Using BigQuery SQL MERGE

Mark Scannell
Google Cloud - Community
4 min readDec 4, 2018

BigQuery can do some awesomely complex data processing, but often times the best features are hidden deep down in the documentation.

In this blog most we will be converting and merging incoming data with some sorted data. We will build the SQL step-by-step and use some of these features. This can help show you just what is possible!

Want to run it yourself? See “Testing it out” at the end!

The Challenge

We store our staging transaction table with this structure:

STRUCT<
id STRING, -- globally unique
version TIMESTAMP, -- transaction version, greatest is current
... other fields (eg, customer name, product name, order id)
>

The transactions are usually unique (only one version), but sometimes there is more than one version. For our analysis, we want to analyse the latest version of each transaction in the normal case. We don’t care all of the data fields on a transaction — you’ll see how the SQL works regardless!

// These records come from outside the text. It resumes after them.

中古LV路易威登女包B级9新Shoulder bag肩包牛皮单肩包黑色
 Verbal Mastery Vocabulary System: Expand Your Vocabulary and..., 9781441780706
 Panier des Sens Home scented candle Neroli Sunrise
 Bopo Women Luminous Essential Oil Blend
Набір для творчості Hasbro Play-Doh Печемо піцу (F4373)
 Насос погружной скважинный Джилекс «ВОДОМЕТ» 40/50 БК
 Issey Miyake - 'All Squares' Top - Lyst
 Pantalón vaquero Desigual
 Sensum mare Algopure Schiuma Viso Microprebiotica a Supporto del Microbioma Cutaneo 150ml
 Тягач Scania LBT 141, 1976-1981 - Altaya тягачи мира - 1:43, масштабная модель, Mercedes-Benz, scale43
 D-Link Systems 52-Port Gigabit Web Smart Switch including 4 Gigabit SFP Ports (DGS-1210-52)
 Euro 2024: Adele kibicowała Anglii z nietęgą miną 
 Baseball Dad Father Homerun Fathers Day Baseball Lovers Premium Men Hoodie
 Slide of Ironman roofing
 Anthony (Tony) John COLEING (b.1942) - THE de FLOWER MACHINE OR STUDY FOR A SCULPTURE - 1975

We store our analytical transaction table with this structure:

STRUCT<
id STRING,
-- transaction with most recent version
latest STRUCT<version TIMESTAMP, ... other fields>,
-- older transactions (if any) sorted newest to oldest
history ARRAY<STRUCT<version TIMESTAMP, ... other fields>>
>

This gives us a convenient way to analyse the latest of each transaction, while still using the BigQuery array tools if we need the history.

The staging data is in the transactions.staging_data table and the analytical table is in transactions.data. We will construct a BigQuery SQL to MERGE staging_data table into data table. This SQL can run multiple times without impact.

The SQL

The SQL will be written as if it is going to separate tables, but it can be brought into a single SQL with WITH at the end.

GroupedStagingTransactions

Use ARRAY_AGG to aggregate the staging transactions according to id. Note using “data” to refer to the entire row as a STRUCT.

SELECT
id,
ARRAY_AGG(data) AS trans
FROM
transactions.staging_data data
GROUP BY
1

GroupedTransactions

Use SELECT modifier EXCEPT and AS STRUCT, the ARRAY function, and a expression subquery to remove the ID column.

SELECT
id,
ARRAY(SELECT AS STRUCT
* EXCEPT (id)
FROM
d.trans
) AS trans
FROM
GroupedStagingTransactions d

JoinedTransactions

Use ARRAY_CONCAT and an array construction to join with existing data.

SELECT
staging.id,
IF(data IS NULL,
staging.trans,
ARRAY_CONCAT(staging.trans, [data.latest], data.history)
) AS trans
FROM
GroupedTransactions AS staging
LEFT JOIN transactions.data AS data
ON staging.id = data.id

SortedTransactions

Use more expression subqueries and a SELECT DISTINCT and SELECT AS STRUCT to extract an array of distinct history records.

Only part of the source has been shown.